“I can’t think of anything else I’d rather do on a Friday afternoon,” said Mark Hauser, an emergency physician for Goleta Valley and Santa Barbara Cottage Hospitals.

Ahead lies a small wetland, grass up to hip level, a muddy path and a tunnel of trees. During the rainy season, there is much more mud and lots of mosquitoes. This is not your grandpa’s game of golf.

“Nothing cancels a disc golf tournament except lightning,” Hauser said.

Disc golf players are a dedicated group. Hauser said he once drove four hours in the early hours of the day to play two rounds of 27 holes in Santa Cruz in the Ice Bowl – a nationwide competition – to play in the most awful conditions, then drive four hours back to Santa Barbara in the same day.

Where the Problems Lie

Oddly enough, the largest threat to disc golf is the players themselves. Disc golfers have traditionally gotten a bad rap as drunken, pot-smoking hippies.

“It is important for disc golfers to be courteous and not litter their courses because the sport is struggling, and it makes it easier for people to get rid of it,” Hauser said. “A few can wreck it for all. The image battle has been going on for a long time.”

There have also been battles with homeowners near courses. Hauser said the conflicts with residents near the Evergreen Disc Golf Course in Goleta have been a problem.

“It’s been hard to keep good relations with neighbors,” he said. “Crazed neighbors have broken poles down.”
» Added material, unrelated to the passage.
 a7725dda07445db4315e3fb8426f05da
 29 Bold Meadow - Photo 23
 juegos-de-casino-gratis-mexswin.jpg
Residents have been frustrated with discs flying into their yards and players going over fences after them – or to urinate.

“Most of [the disc golfers] are pretty respectful. I’d say one-third are not. They’re the ones we see and hear and smell,” said one resident who has lived adjacent to the Evergreen Disc Golf Course for 27 years and asked to remain anonymous out of fear of retribution. “Probably a majority are pretty respectful, but there’s always a few.”

The resident said she is a pretty tolerant person and that she has only called the park to complain once when a man climbed onto her roof.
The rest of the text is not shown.